De conformidad con el artículo 1.108 CC la cantidad adeudada devengará el interés judicial hasta la completa satisfacción de las cantidades adeudadas, calculado conforme al interés de demora previsto en la ley 3/2004, desde la fecha en que debieron pagarse las mismas.
De conformidad con el artículo 394 LEC, en caso de estimación íntegra de la demanda, se impondrán las costas causadas a la parte demandada.
Visto lo anterior,
Fallo
Que con ESTIMACIÓN ÍNTEGRA de la demanda presentada por Dña. Ana María Vicens Pujol, en nombre representación de Rexel Spain SL, contra Don Constancio, representado por el Procurador D. Luis Enriquez de Navarra Muriedas:
1. DEBO CONDENAR Y CONDENO a Don Constancio a pagar a la actora la cantidad de 8.965,48 €.

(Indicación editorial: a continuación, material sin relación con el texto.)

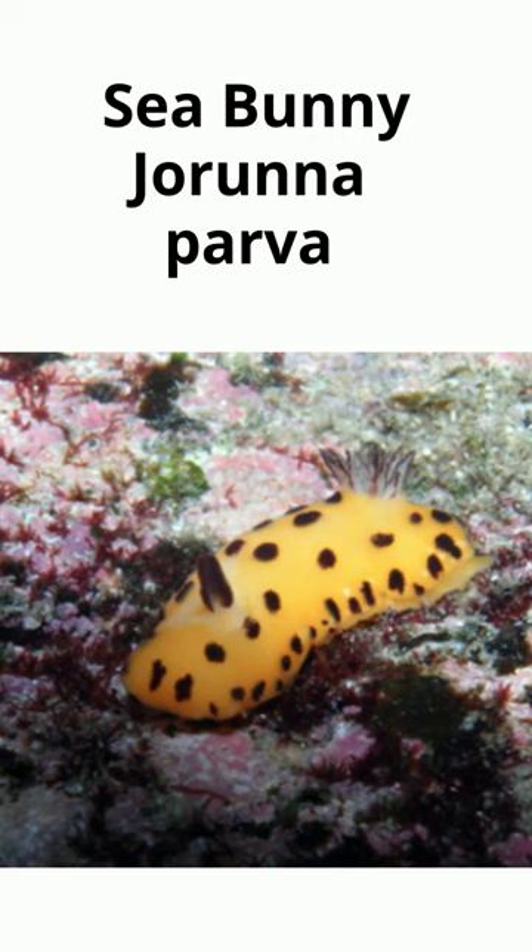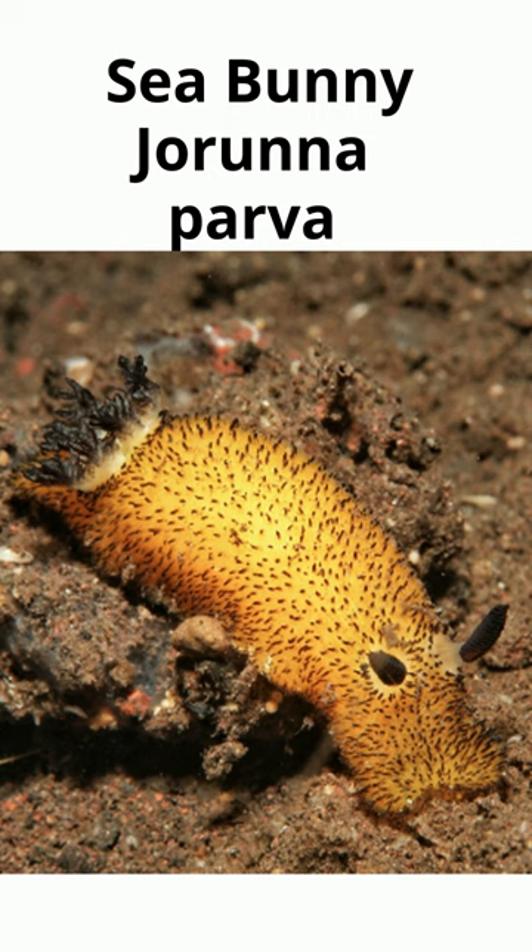Sea bunnies have the ability to absorb toxins from the animals they eat. They're only two and a half centimeters long and feed on sponges. They often cling to submerged vegetation and spend the majority of the time at the bottom of tropical waters. By the way, there are over 2,000 species of sea slugs.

2. DEBO CONDENAR Y CONDENO a Don Constancio a pagar todas aquellas cuantías que se devenguen, en concepto de intereses y costas procesales contra la empresa Arteaga y Sureda Instalaciones SL, en el procedimiento de juicio cambiario 551/2009, tramitado ante el Juzgado de Primera Instancia nº9 de Palma de Mallorca y su posterior ejecución de títulos judiciales
3. Todo ello con expresa condena en costas procesales a la parte demandada.
Notifíquese a las partes y hágales saber que contra la misma cabe RECURSO DE APELACION.